Exercise requirements
Starting with the line that includes "Petrolimex chủ động", write out every remaining line of the records below exactly as it appears, leaving out any images.

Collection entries

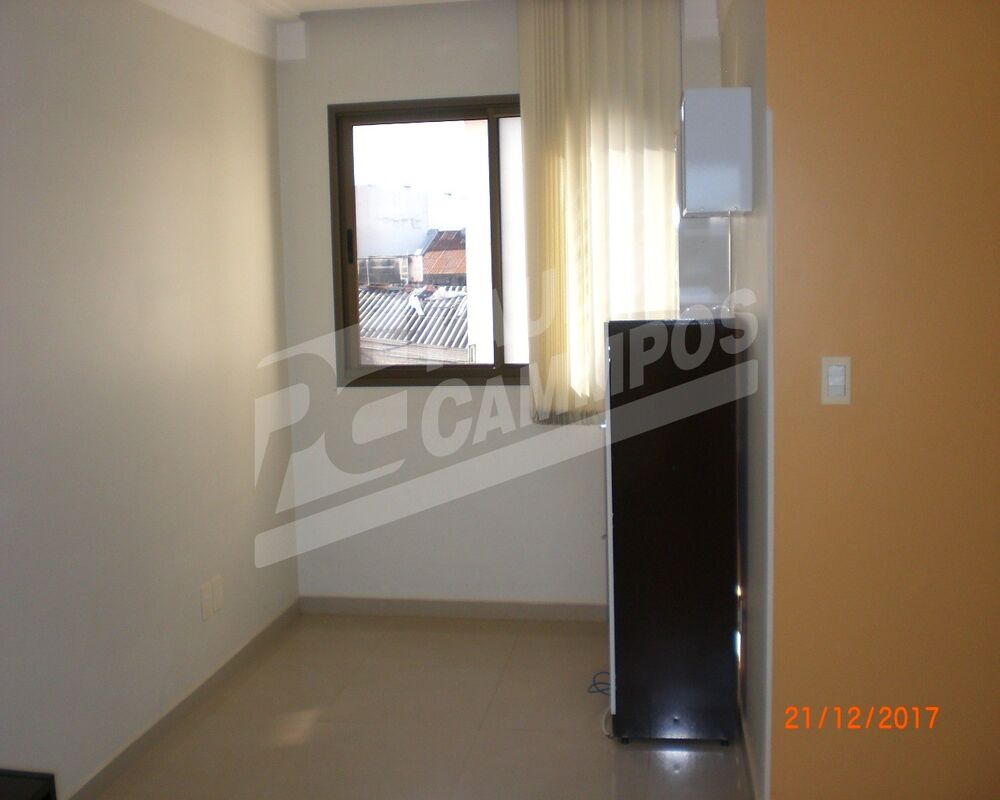 Casa à venda com 4 quartos, 311m² - Foto 4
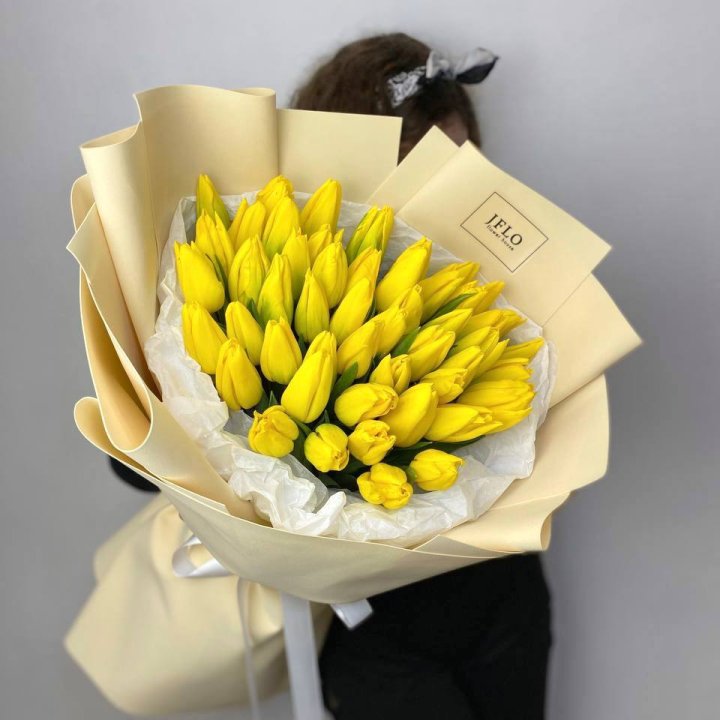 51 жёлтый тюльпан в Улан-Удэ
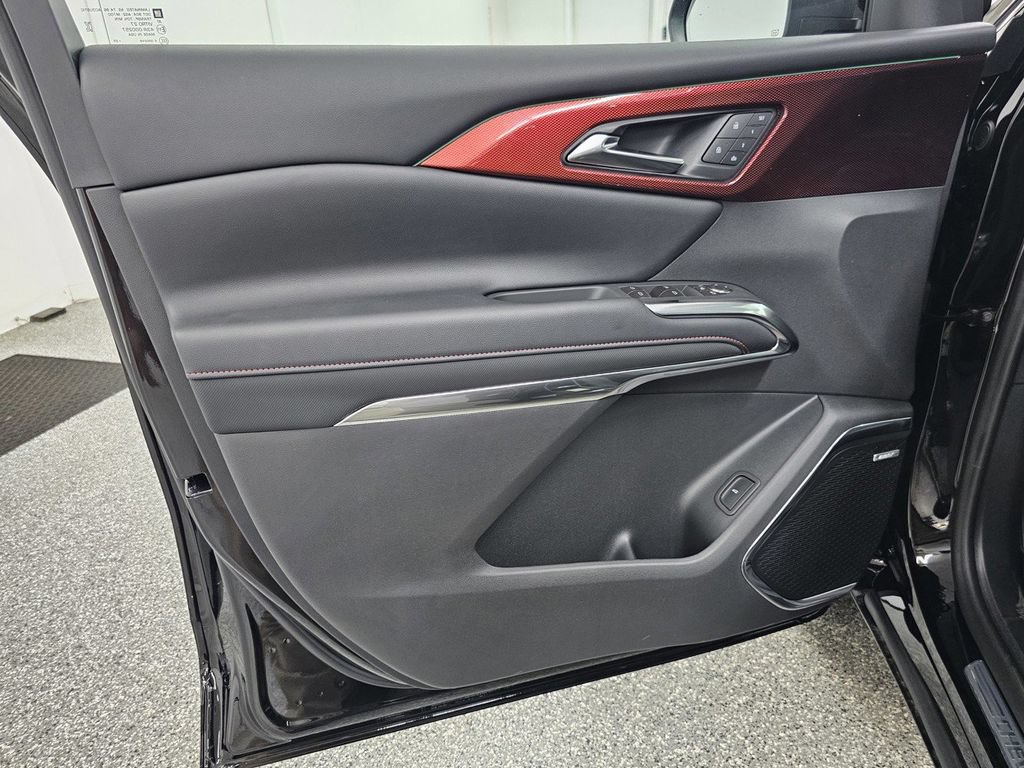 New 2026 Chevrolet Traverse RS FWD image 13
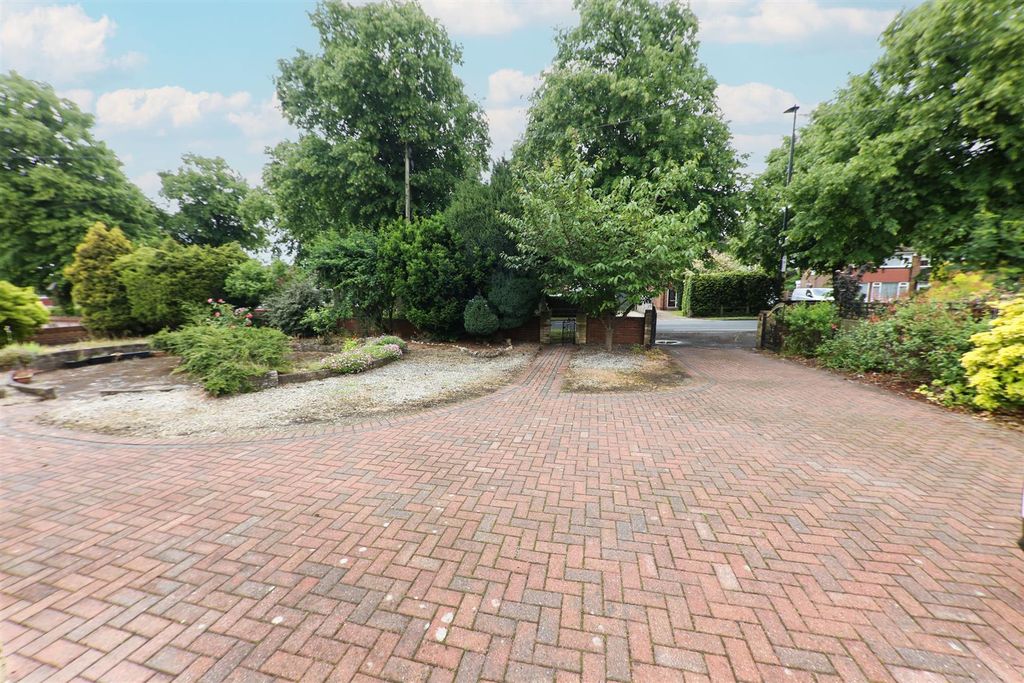 Property photo 3 of 18 Outside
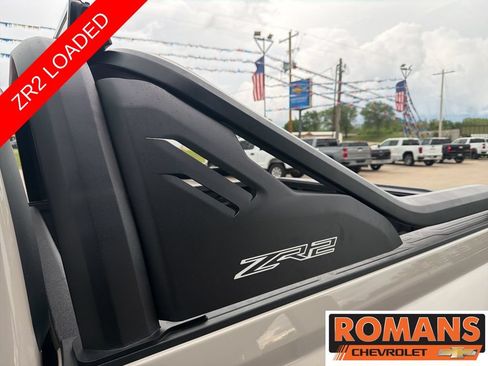 New 2026 Chevrolet Colorado ZR2 w/ Midnight Edition AWD/4WD image 23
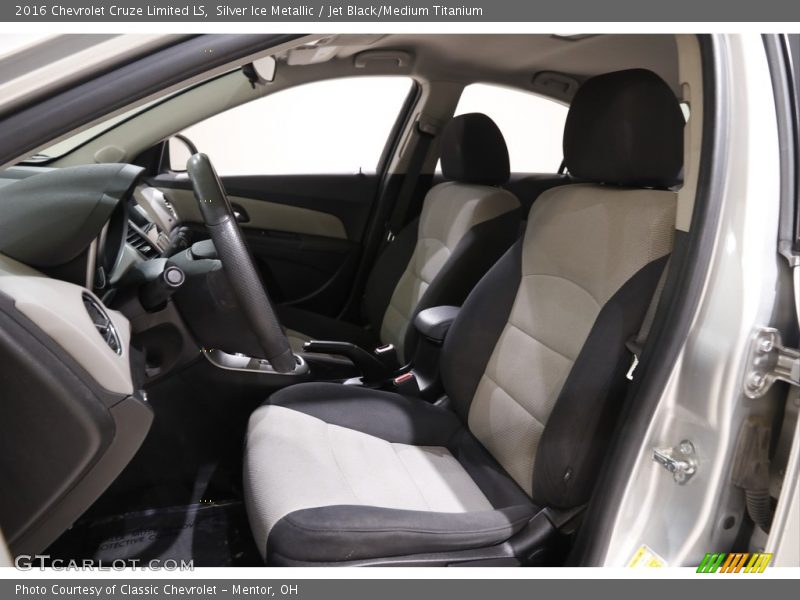 Silver Ice Metallic / Jet Black/Medium Titanium 2016 Chevrolet Cruze Limited LS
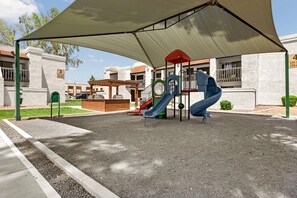 Außen-Kinderspielplatz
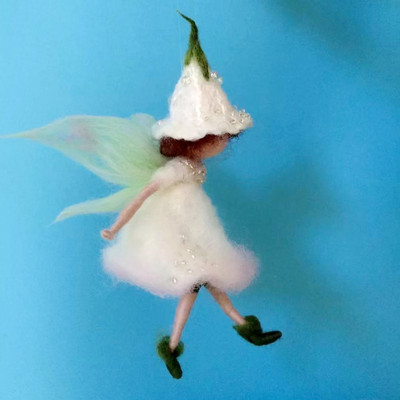 Pok Pok Le vilnas filca materiāla maisiņš, ar rokām darināts lelles feja, rokām darināta automašīnas piekarināmā materiāla soma Genie sniedz atslēgu piekariņu pamācību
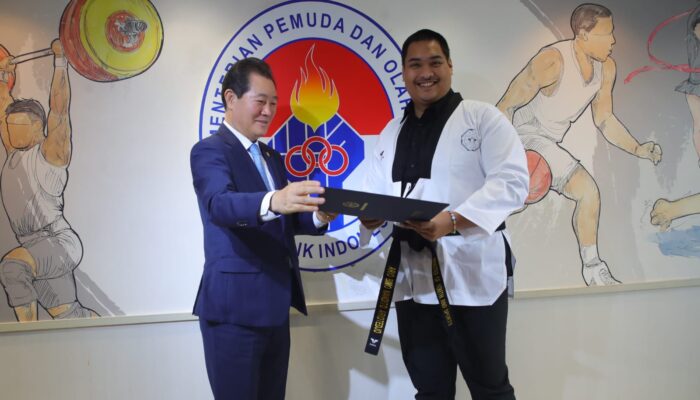 Menpora Dito Menerima Penghargaan Sabuk Hitam Taekwondo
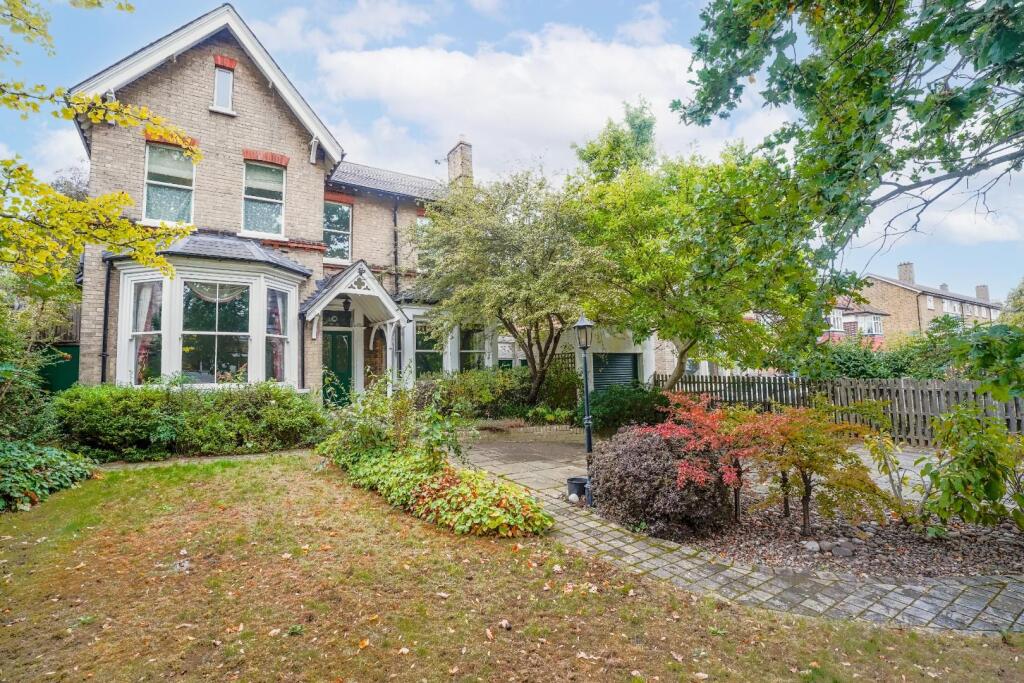 5 bed Detached for rent in Penge. From Pedder - Forest Hill 5 bed Detached for rent in Penge. From Pedder - Forest Hill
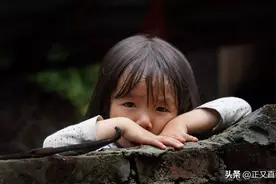 6岁女儿被拐，19年后女儿在人群中认出生父，父亲：我没想着找你图片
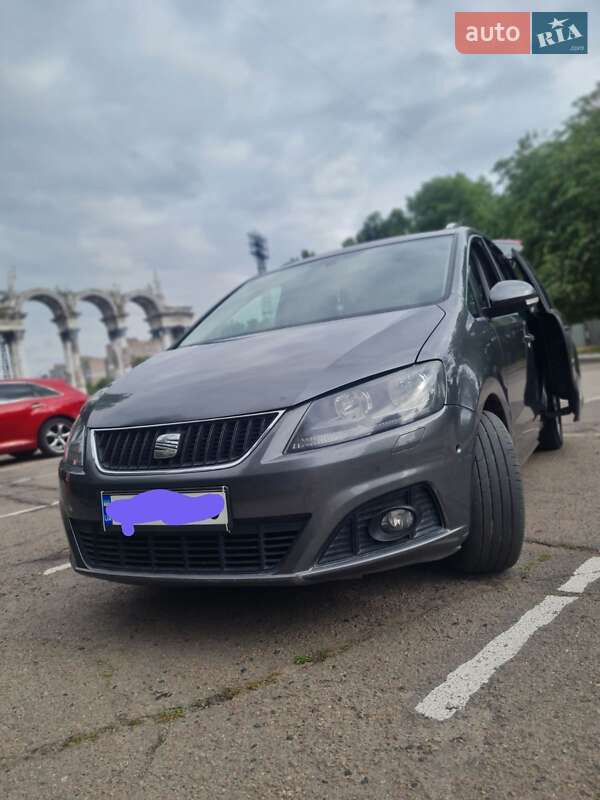 Минивэн SEAT Alhambra 2012 в Каменском фото 4 Минивэн SEAT Alhambra 2012 в Каменском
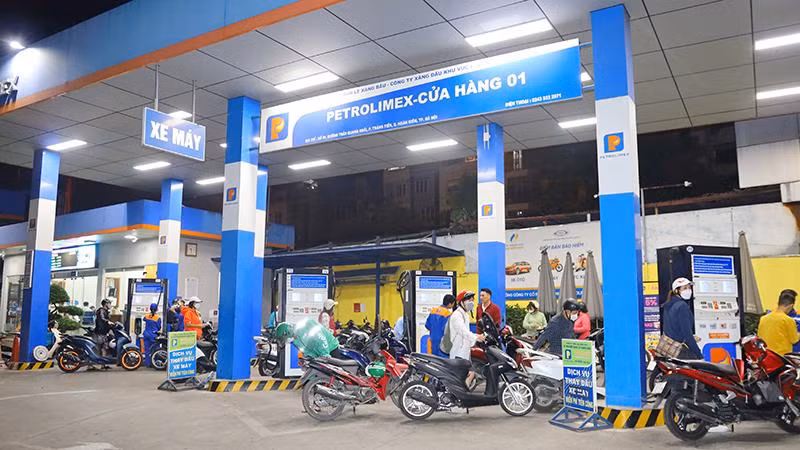 Petrolimex chủ động bảo đảm nguồn cung, đáp ứng tối đa nhu cầu mua xăng dầu của người dân.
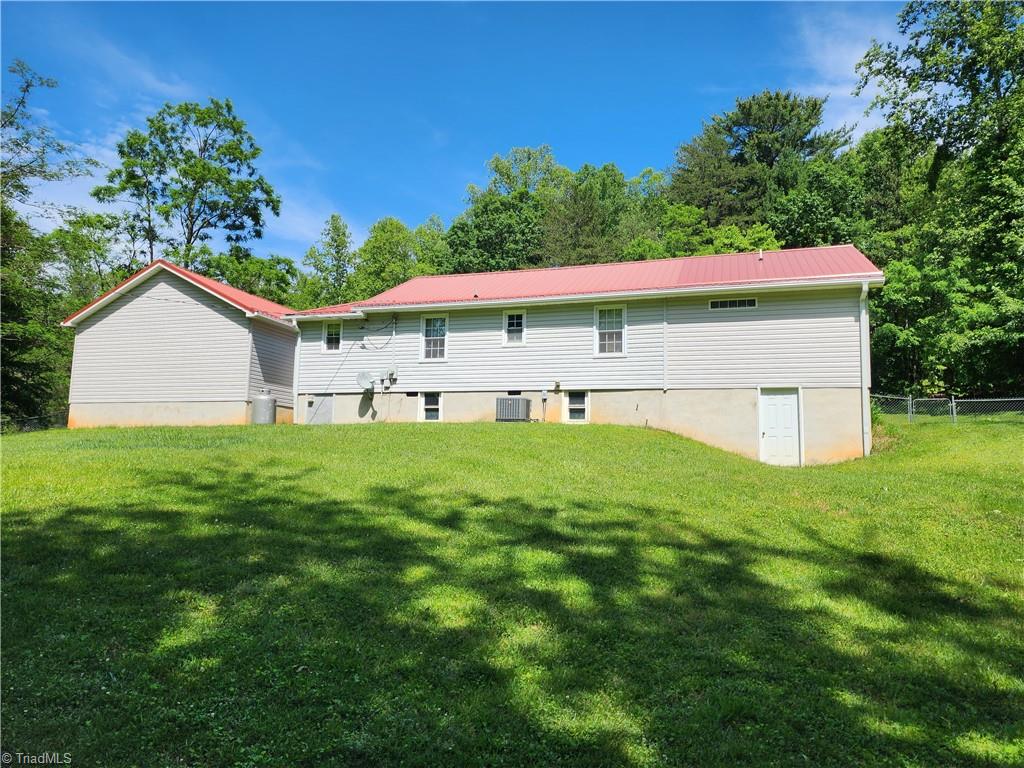 2904 E Brocktown Road, Moravian Falls, North Carolina image 48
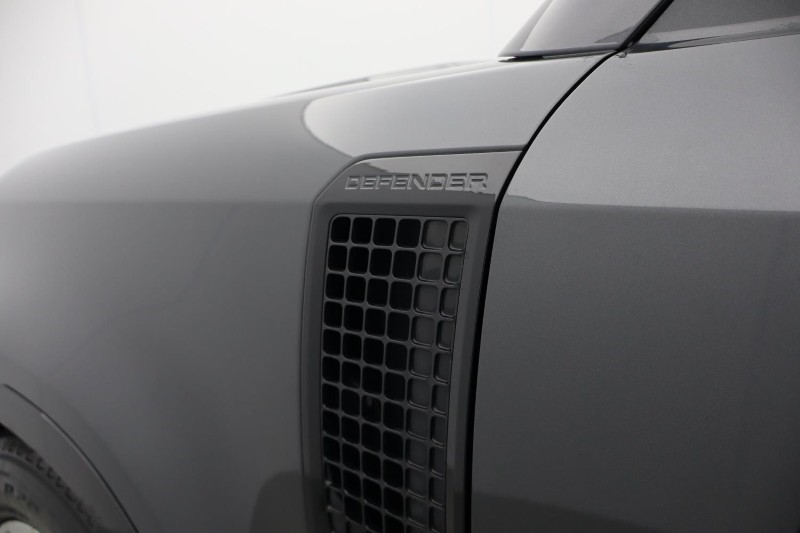 Used Land Rover Defender 2023 for sale - 77077062: Photo 34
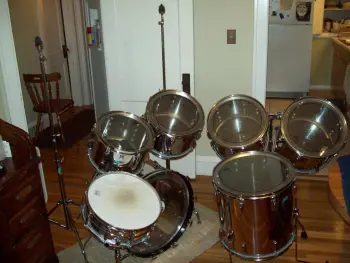 please help :possibly for sale- SS ludwig 7 piece blue/olive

Problem solution
 Petrolimex chủ động bảo đảm nguồn cung, đáp ứng tối đa nhu cầu mua xăng dầu của người dân.
 2904 E Brocktown Road, Moravian Falls, North Carolina image 48
 Used Land Rover Defender 2023 for sale - 77077062: Photo 34
 please help :possibly for sale- SS ludwig 7 piece blue/olive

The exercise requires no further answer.